Nigel Terrington is approaching his 30th year as Paragon’s chief executive

Paragon Banking Group, one of Britain’s leading buy-to-let mortgage lenders, has reported a surge in profit and boosted its share buyback programme, despite a drop in home loan volumes as higher interest rates put off borrowers.

The FTSE 250 firm posted a pretax profit of £110.6m for the six months ending on 31 March 2024, up 138 per cent from £46.4m in the same period last year. On an underlying basis, profit rose 13.5 per cent to £146.3m.

Paragon announced a further £50m share buyback to reward investors, taking its full-year buyback programme to £100m. The bank has returned more than £1bn to shareholders through buybacks and dividends since 2015. 

The group’s net interest margin (NIM) – measuring of the gap between interest received on loans and rates paid for deposits – came in 0.24 points higher year-on-year at 3.19 per cent.

Paragon, based in Solihull in the West Midlands, is a major provider of loans to professional landlords with at least four properties. It also lends to medium-sized housebuilders typically seeking loans between £5m and £10m.
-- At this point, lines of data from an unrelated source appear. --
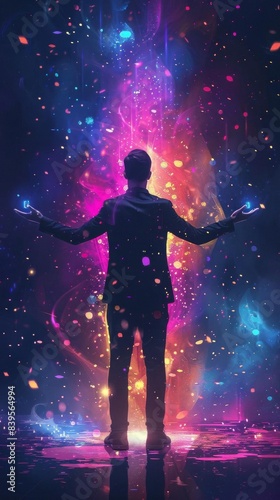 A man standing with his arms outstretched in front of a colorful abstract background.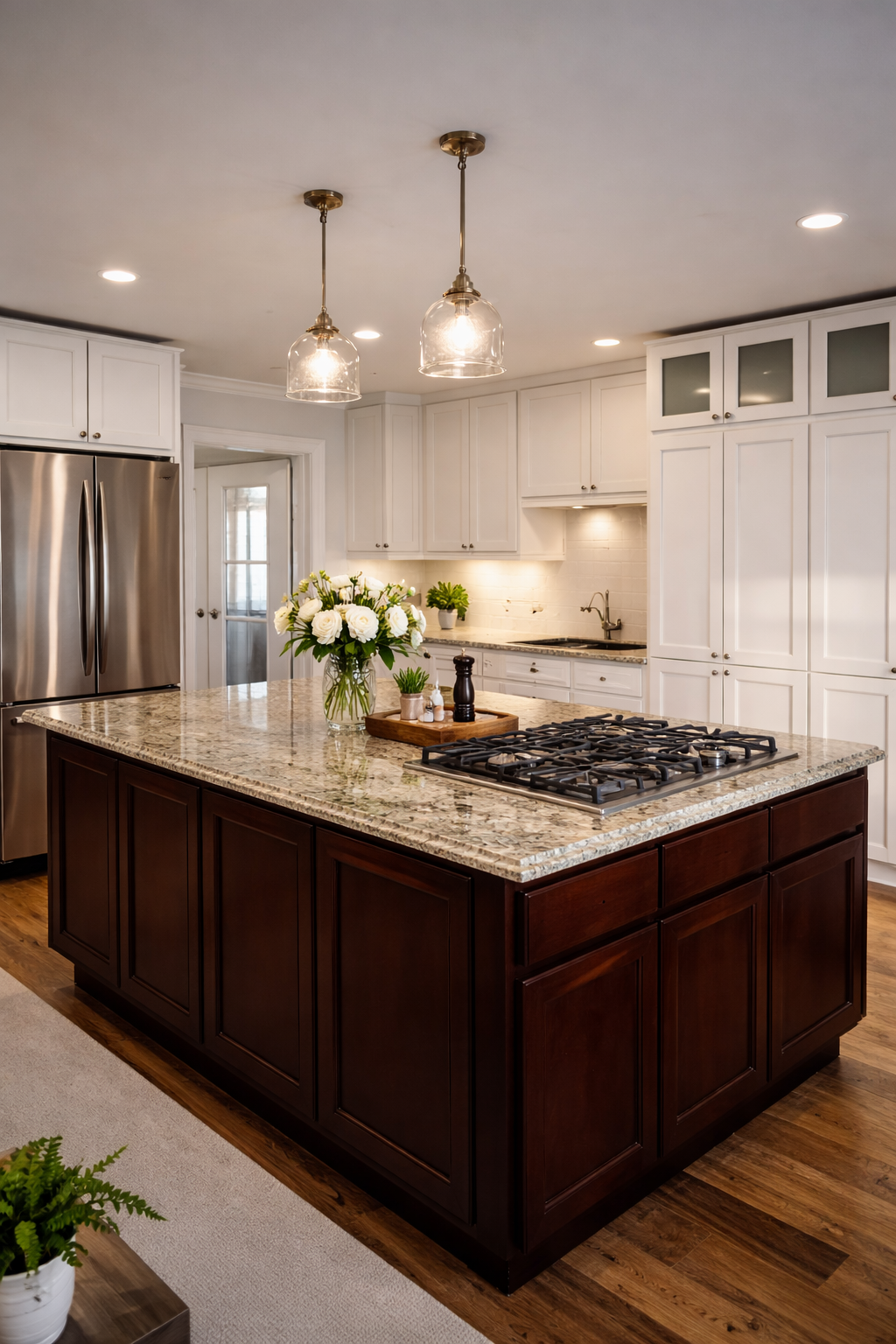 A modern kitchen with a large dark wood island, white cabinets, stainless steel refrigerator, granite countertop, and pendant lighting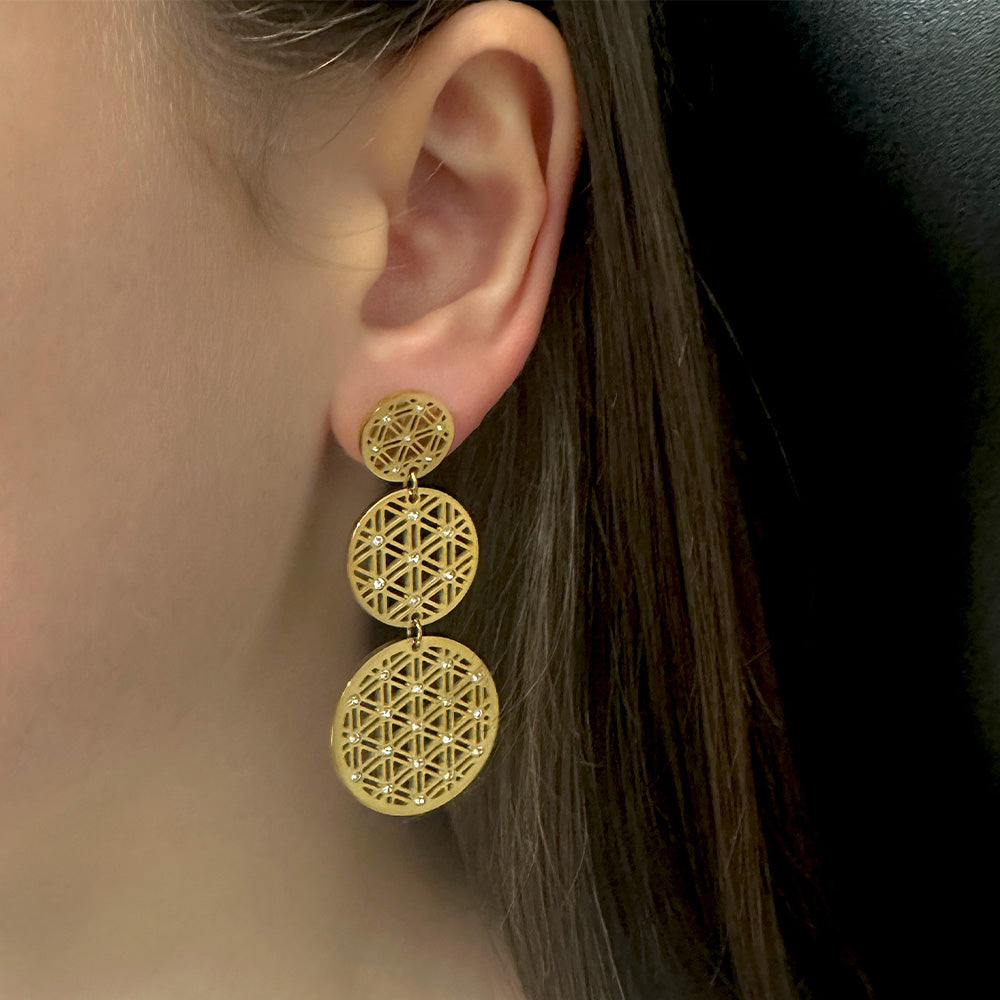 Flower of life long earrings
The group said that, as expected, lending volumes were lower year-on-year during the six months. Its buy-to-let new advances dropped 36 per cent to £649.3m from £1.02bn. Growth in its SME division helped Paragon’s commercial lending volumes tick up £15.4m to £589.8m.

“There has been a strong recovery in customer demand with new business pipelines materially above
the levels seen at the year-end, improving the outlook for lending volumes for the rest of this year,” said Nigel Terrington, who is approaching his 30th year as Paragon’s chief executive.

The group now expects mortgage and commercial lending to come in at the higher end of its previously guided range for the full year, at £1.4bn to £1.6bn and £1.1bn to £1.2bn respectively.

It also forecasted its NIM to come in higher than the previously guided range of between three and 3.1 per cent.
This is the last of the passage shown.